Recorded data
=====

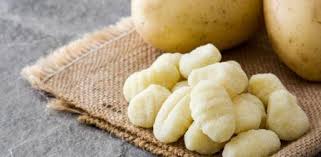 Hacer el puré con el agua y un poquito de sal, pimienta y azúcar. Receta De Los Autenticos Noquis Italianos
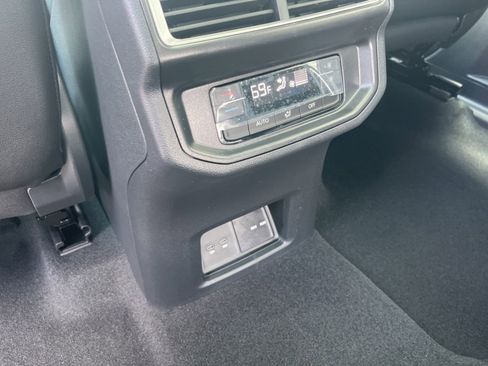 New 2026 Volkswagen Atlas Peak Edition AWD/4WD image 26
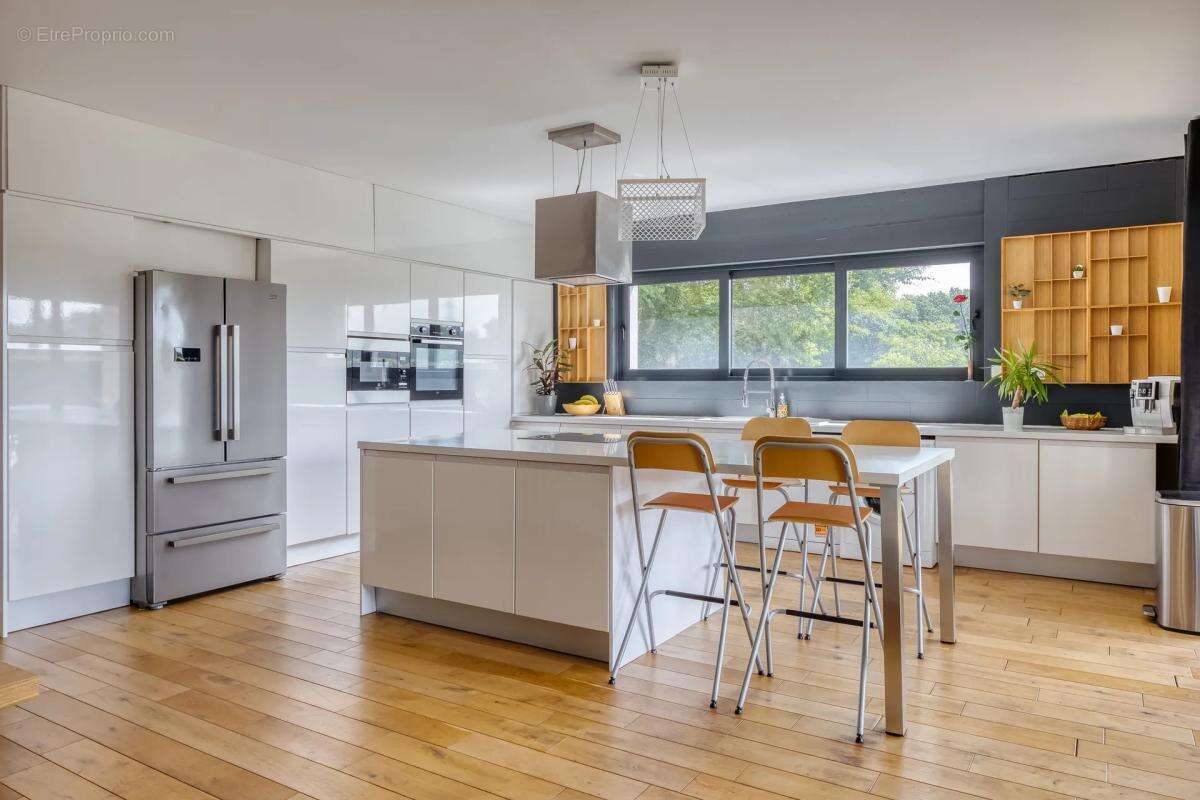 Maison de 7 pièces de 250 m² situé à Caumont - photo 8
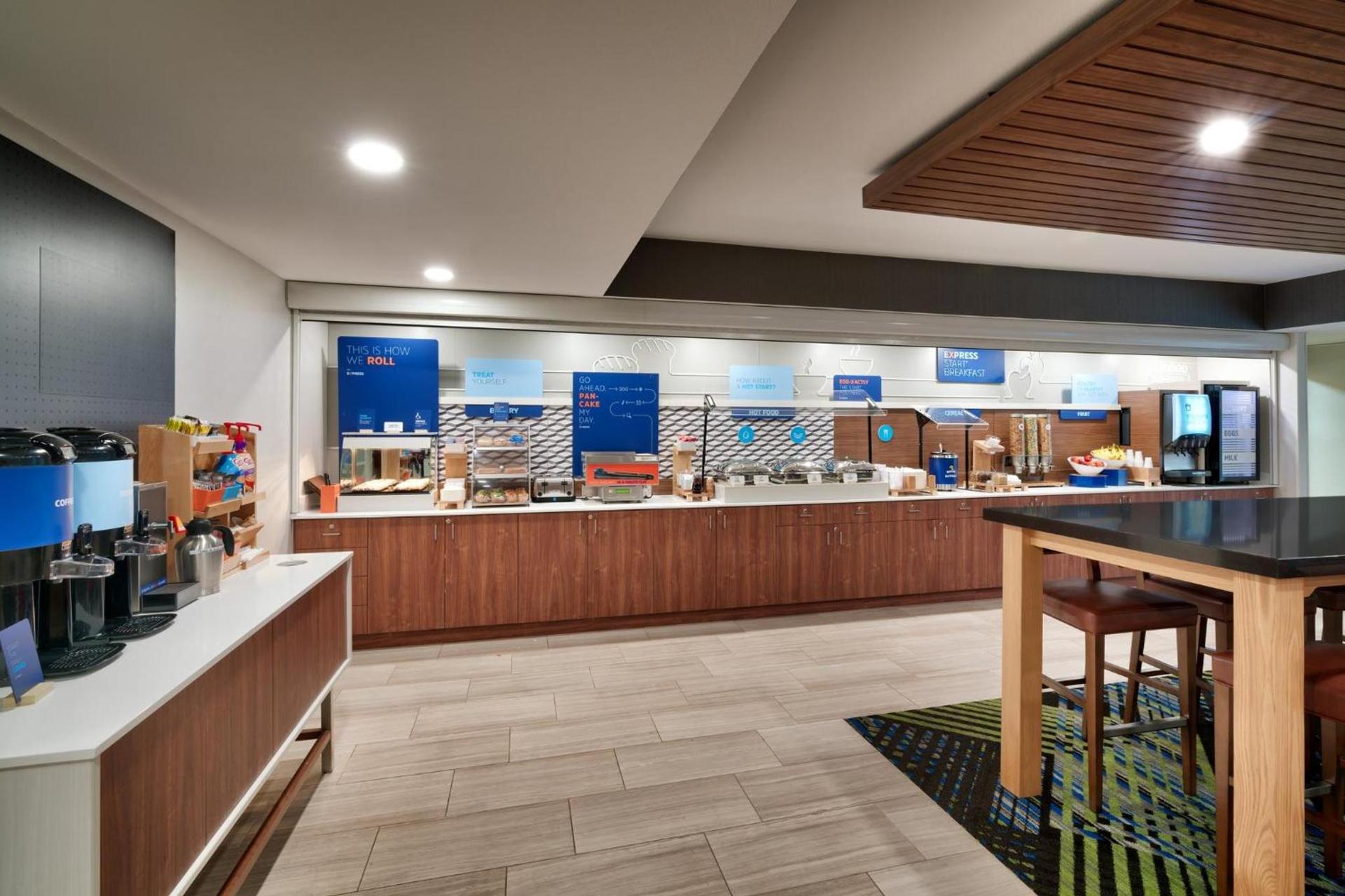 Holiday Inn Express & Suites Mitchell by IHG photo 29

=====

Task prompt
The required output is each line above restated verbatim, with all images omitted.

Result of this exercise
 Hacer el puré con el agua y un poquito de sal, pimienta y azúcar. Receta De Los Autenticos Noquis Italianos
 New 2026 Volkswagen Atlas Peak Edition AWD/4WD image 26
 Maison de 7 pièces de 250 m² situé à Caumont - photo 8
 Holiday Inn Express & Suites Mitchell by IHG photo 29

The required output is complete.